Now all the Munda peoples are "registered tribes"5. The exact number is difficult to name. According to my calculations from various sources, there are at least 20 of them; most of them fall on the so-called northern munda, which also includes Santala.

That was all that looked reliable. All my other knowledge of munda was very limited. There was much to learn, or at least explore. After finishing my studies in Moscow, I received a grant to study under the program of the Indian Council for Cultural Exchange and went to India.

BEFORE THE TRIP

My university was located in Hyderabad, in the heart of the country, and it was only an overnight train ride to Orissa, the southern border of the Munda settlement.

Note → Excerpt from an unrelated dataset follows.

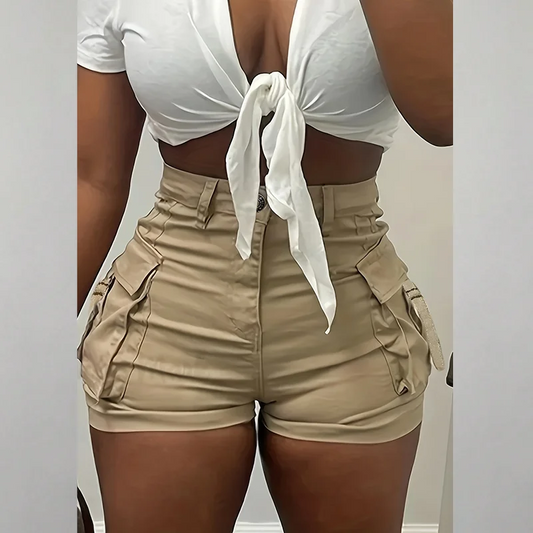 Summer Casual Shorts with Pockets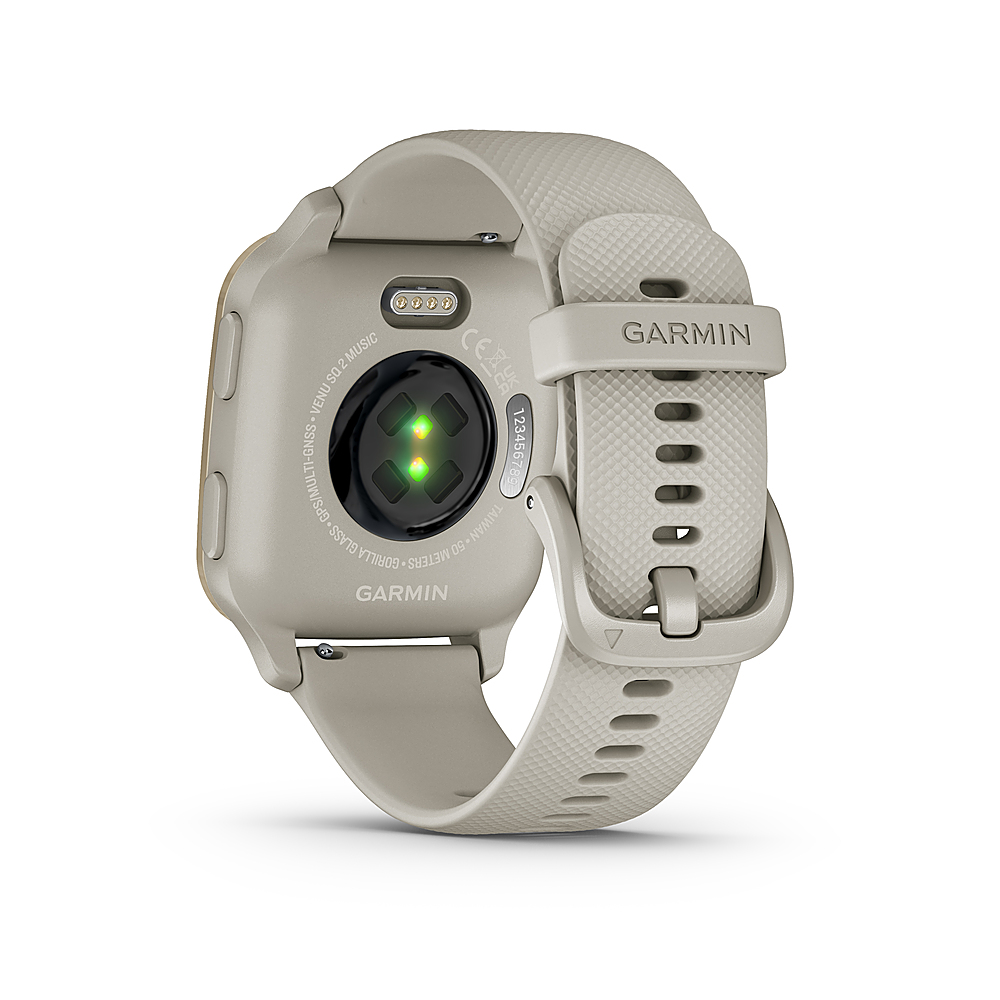 Garmin Venu Sq 2 Music Edition GPS Smartwatch 40mm Fiber-reinforced polymer  Cream Gold 010-02700-02 - Best Buy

Hyderabad met me in August with tropical rain and knee-deep streets, and the university with intensive classes: Indian society, applied anthropology, evolution... Fortunately, I passed the first session normally and immediately after that I left for my first field work at yerukala 6.

That trip helped me a lot - I lived in an Indian village for the first time, saw how a group of anthropologists works, and felt the very atmosphere of research. But the main achievement is that I started eating Indian food and understood its taste. It was a real breakthrough! Since then, I have been able to travel around India without fear of being away from McDonald's...

The training program was a two-year one, and in the spring of the following year, the diploma defense was expected. And I didn't have a better time to go to Bondo's than in the fall.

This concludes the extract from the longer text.